Ivan Turguêniev, espelho das contradições russas

Por Andrés Seoane

O jovem Ivan Turguêniev em daguerreótipo de O. Bisson 


“Um dos princípios básicos da vida é a união entre os tempos, a transmissão patrimonial de valores. Um mundo sem tradição cria órfãos”. Honrando o espírito dessa frase, recordamos no 200º aniversário de seu nascimento, a figura do escritor russo Ivan Turguêniev (1818-1883), perfeito modelo do complexo século XIX num império czarista tomado de irresolutas contradições e de grandes figuras literárias. Nobre latifundiário defensor da emancipação dos trabalhadores, liberal dividido entre o conservadorismo e o anarquismo, fervoroso europeísta numa sociedade eslavófila, o escritor sempre se posicionou nas grandes polêmicas políticas de seu tempo. Muitas dessas lutas que povoaram a vida de Turguêniev já caducaram, mas, dois séculos depois, resta-nos a sua literatura, marcada pela arte da descrição, na qual brilhou como poucos.
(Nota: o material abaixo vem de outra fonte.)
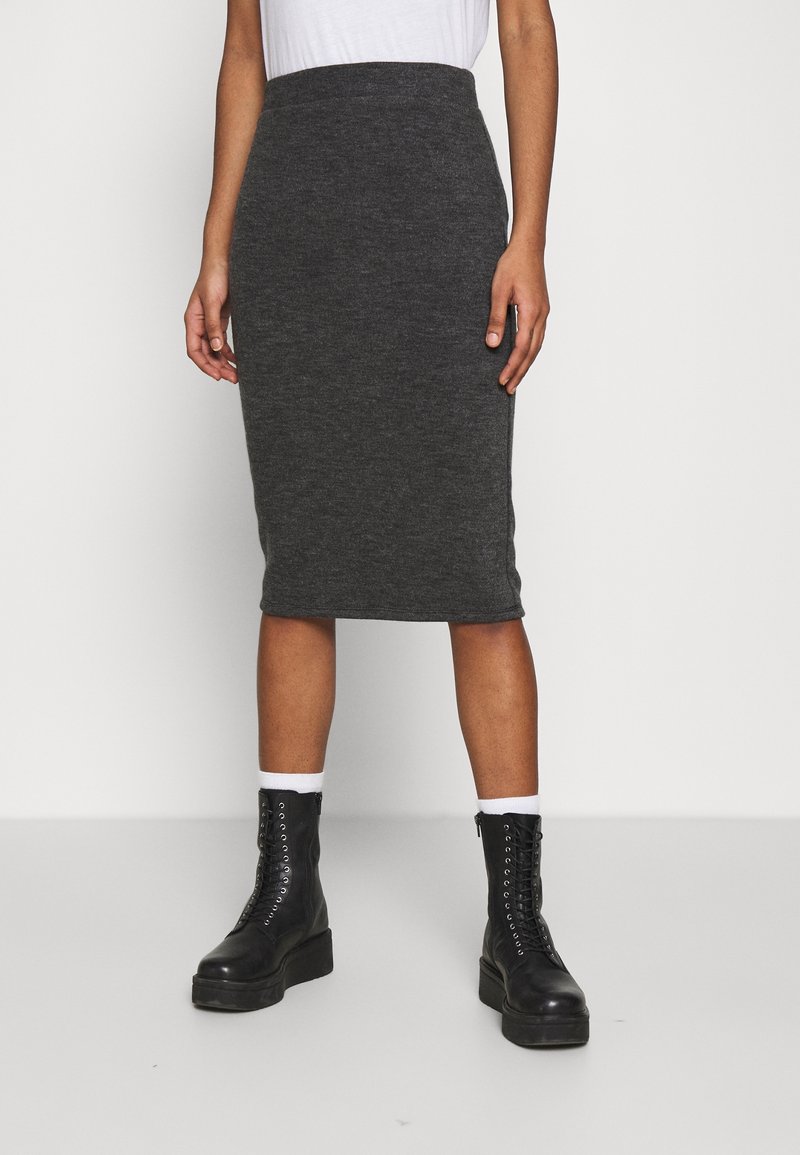 Femme portant une jupe crayon gris foncé longueur genou, des chaussettes blanches et des bottines noires à lacets, debout devant un fond clair uni.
De origem nobre, nasceu em 9 de novembro de 1818 em Oriol, ao sul de Moscou, e se criou na propriedade rural de sua mãe, a rica latifundiária Varvára Petrovna Turguênieva, onde teve contato direto com o campesinato russo que foi elemento central em sua obra. Seu pai, um coronel da cavalaria imperial empobrecido que se afastou de sua família devido à múltiplas aventuras amorosas, morreu quando Ivan ainda era criança, deixando-o à mercê de uma mãe tirana que, não obstante, lhe impôs o amor pela literatura russa e estrangeira. Outra das pessoas que desempenhou um papel importante na formação de Turguêniev como escritor foi um dos trabalhadores de sua mãe, que seria o protótipo de uma das personagens principais de seu texto Punin e Baburin, onde narra o fim da Rússia czarista e escravista.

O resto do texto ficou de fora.